The taxpayer owned real property in Spain. This property was sold during the income year and the taxpayer received a net capital gain.
The taxpayer paid Spanish tax on the amount of the net capital gain.
Reasons for Decision
Section 6-10 of the ITAA 1997 provides that a taxpayer's assessable income includes statutory income amounts that are not ordinary income but are included in assessable income by another provision. The assessable income of an Australian resident includes statutory income from all sources, whether in or out of Australia. (subsection 6-10(4) of the ITAA 1997)
Section 10-5 of the ITAA 1997 lists those provisions about assessable income. Included in this list is section 102-5 of the ITAA 1997 which provides that a net capital gain is to be included in assessable income.
In determining liability to Australian tax on foreign sourced income it is necessary to consider not only the income tax laws but also any applicable double tax agreement contained in the International Tax Agreements Act 1953 (the Agreements Act).
Section 4 of the Agreements Act incorporates that Act with the ITAA 1997 so that those Acts are read as one. The Agreement Act effectively overrides that ITAA 1997 where there are inconsistent provisions (except for some limited provisions).
Schedule 39 of the Agreements Act contains the double tax agreement between Australia and Spain (the Spanish Agreement). The Spanish Agreement operates to avoid the double taxation of amounts received by Australian and Spanish residents.
Article 13 of the Spanish Agreement deals with alienation of property. Paragraph (1) of Article 13 provides that income or gains derived by a resident of Australia from the alienation of real property situated in Spain may be taxed in Spain. The Spanish Agreement does not exclude the net capital gain from being taxed in Australia and it may therefore be taxable in both countries.
Paragraph (1) of Article 23 of the Spanish Agreement provides that, subject to the provisions of the law of Australia, a credit for any tax paid in Spain will be allowed against Australian tax payable on income from Spanish sources.

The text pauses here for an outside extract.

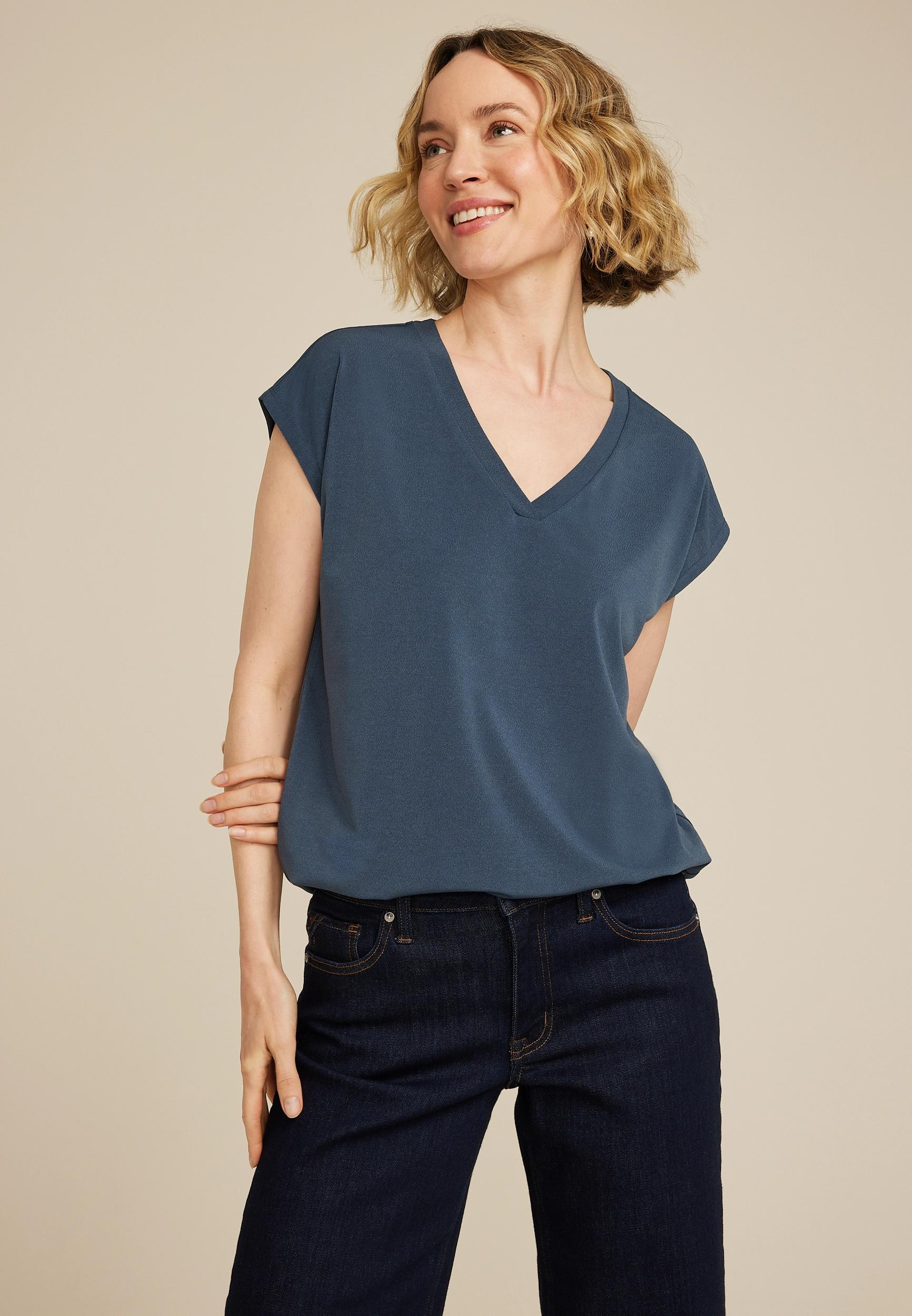 24/7 Crepe V Neck Tee Product Image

Subsection 160AF(1) of the Income Tax Assessment Act 1936 (ITAA 1936) provides that where the assessable income of a resident contains foreign sourced income and foreign tax has been paid on that income a foreign tax credit will be allowed. The foreign tax credit allowed against Australian income tax is the lesser of: • the amount of that foreign tax paid, reduced in accordance with any relief available to the taxpayer under the law relating to that tax, or • the amount of Australian tax payable in respect of the foreign income.
The net capital gain received by the taxpayer forms part of their assessable under section 6-10 of the ITAA 1997. As foreign tax has been paid in relation to this net capital gain a foreign tax credit will be allowed. Note: If the foreign tax paid on the net capital gain is less than the Australian tax payable the taxpayer will be entitled to a full credit for the foreign tax paid. Where the foreign tax paid is greater than the Australian tax payable, the taxpayer is only entitled to a credit equal to the value of the Australian tax payable and cannot recover any excess foreign tax paid. However, any excess foreign tax credit may be carried forward for a maximum of five years for application against future tax payable on the taxpayer's foreign income provided the requirements of section 160AFE of the ITAA 1936 are met.